In 2017, Christine Celis reopened the brewery with much fanfare, 17 years after the business her dad started shut its doors.
Christine Celis could not be reached for comment, but a public notice published last week said the essential parts of the brewery – the building, yeast tanks and other equipment – could be auctioned off Tuesday. The name and the beer recipes were not mentioned in the notice.
Exactly why Celis is in trouble is unknown. Julia Herz, craft beer program director with the Brewers Association, said small brewers face challenges beyond just creating good beer. She pointed to fluctuating commodity costs, regulation and competition from larger brewers.
She said the group isn't seeing "one main pattern" to what caused 200-plus breweries to close last year.
Celis has had a complicated history.
In 1992, Pierre Celis, the founder of Belgium's famed Hoegaarden Brewery, opened shop in Austin.
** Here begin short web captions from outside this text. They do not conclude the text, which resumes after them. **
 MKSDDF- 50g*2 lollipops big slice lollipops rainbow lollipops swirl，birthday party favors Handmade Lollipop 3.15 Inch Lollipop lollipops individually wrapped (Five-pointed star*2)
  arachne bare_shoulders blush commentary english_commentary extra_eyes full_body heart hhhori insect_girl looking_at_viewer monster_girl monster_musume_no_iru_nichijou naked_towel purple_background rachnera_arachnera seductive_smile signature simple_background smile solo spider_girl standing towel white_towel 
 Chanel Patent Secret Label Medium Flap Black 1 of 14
By the middle of the decade, Miller Brewing Co. had a controlling interest in the company. But in 2000, it closed the brewery after slowing sales.
In 2012, a year after Pierre Celis' death, his daughter Christine bought the Celis beer name back at auction. She had been working to revive the brewery.
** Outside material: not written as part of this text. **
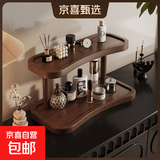 化妆品收纳架桌面香水口红置物架全竹复古梳妆台护肤品首饰储物架 【双层置物】 2层 32*15*19cm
As popular as craft breweries are in Austin, Herz said, Texas has missed out on some of the trend because of regulations that favor big distributors and bigger beer makers.
“You need an environment that is going to nurture the breweries to grow," she said, "and Texas is behind."
Though Texas may be behind, the Austin area is doing its part. There are more than 110 taprooms, brewpubs and craft breweries in Travis, Hays, Williamson and Bastrop counties.